As a publisher, we are committed to providing quality books. We want these books to tell unique stories. We hope to sell enough books to keep making more of them. In addition, we made social commitments at the founding of our company. These social commitments can tell you more about who we are and what we represent.
Our social commitments help us contribute to a better, more just world. Publicly sharing these social commitments is meant to keep us accountable.
Our mission is to publish stories that tell a variety of narratives that help children think critically about the world they want to create out of the world that already exists.Mark, Founder of Sugarfree Books
These are the social commitments of our company:
- To listen to voices often excluded from dialogues or silenced by the dominant majority
- To ask children to think critically and share their ideas
- To give from our profits to meaningful action groups that strive to enact progressive ideals
We will be honest about our projects, failures, and hopes for the future.

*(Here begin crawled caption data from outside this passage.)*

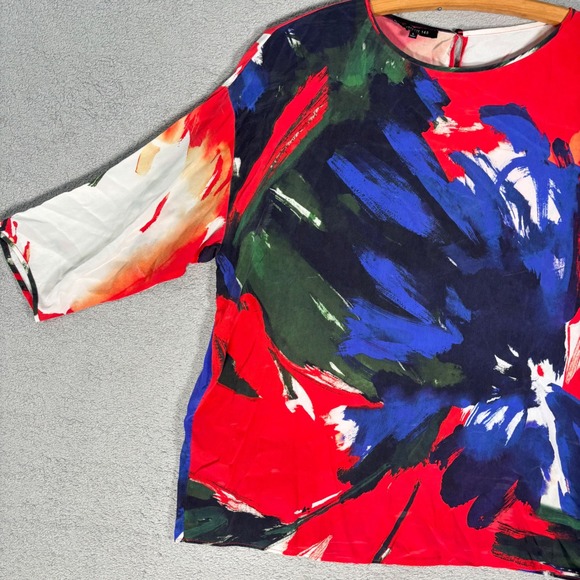 Lafayette 148 New York Silk Blouse Size L Abstract Floral Print Tunic Top Artsy - Picture 7 of 13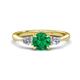 1 - Zelia 1.14 ctw Emerald (6.00 mm) and Pear Shape Natural Lab Grown Diamond Three Stone Engagement Ring 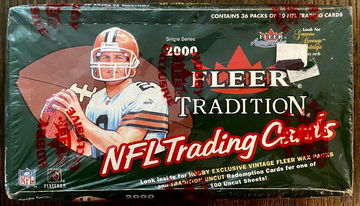 No Reserve ~ 2000 Fleer Tradition Hobby Football Box Factory Sealed ~ Look for Tom Brady RC Auto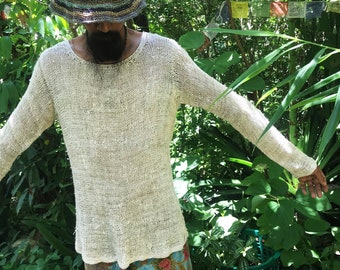 Hemp Knitted Long Sleeve Shirt, Organic Clothing, Long Sleeve Knitted, Crochet Long Sleeve Shirt, Boho Top,Eco Clothing, Hemp Knitted Top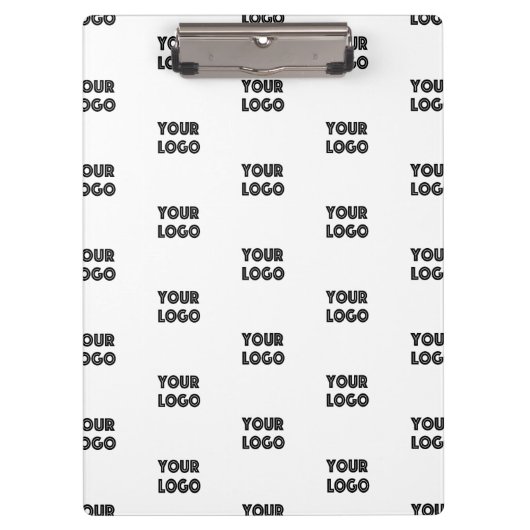 ロゴシンプル繰り返しロゴ |白 クリップボード (正面)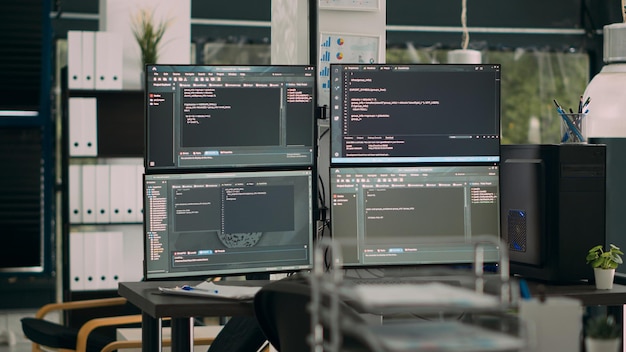 Moniteurs affichant le code d'analyse dans le bureau de l'agence informatique vide avec des ordinateurs compilant des algorithmes de données. Serveurs d'intelligence artificielle cloud computing avec script html sur la fenêtre temrinal.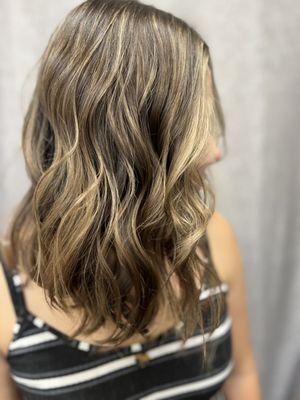 Reverse balayage for fall hues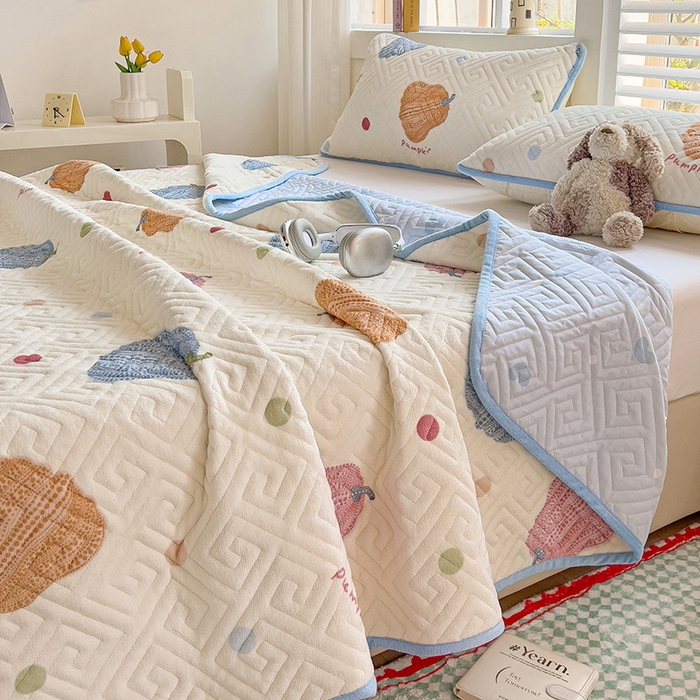 91家纺网 家纺一手货源 找家纺 羽爱 2025新款棉加绒床盖套件 南瓜派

We will put people first. We want to live our values. We strive to connect with others through dialogue. We will donate to causes and groups that embody a shared sense of purpose. If we get enough momentum, we’ll register as a non-profit.
With community in mind, we’d like to also shout out our good friends in other content-producing ventures:
Please check out the brilliant podcast that thrives in the absurdity of human existence: Expatriate Act.
Equity and Variety
We will be a publisher of narratives from people traditionally underrepresented in publishing. We hope to operate according to values, like those established by the National Equity Project.
Still in our infancy, we have a limited budget to take on new authors and illustrators so we have been working within a more narrow network than we imagine for our future. As a result, we are not yet representing as wide a range of voices as we want. We also plan to form an advisory board that will include a range of perspectives once we establish our presence.
Contributors to our company thus far: over 60% identify as women; more than 1/3 people of color; half were born outside the U.S.
Picture books can cost quite a bit and thus become untenable for caregivers attempting to establish a home library. As long as it is fiscally viable, our books will cost $10 or less.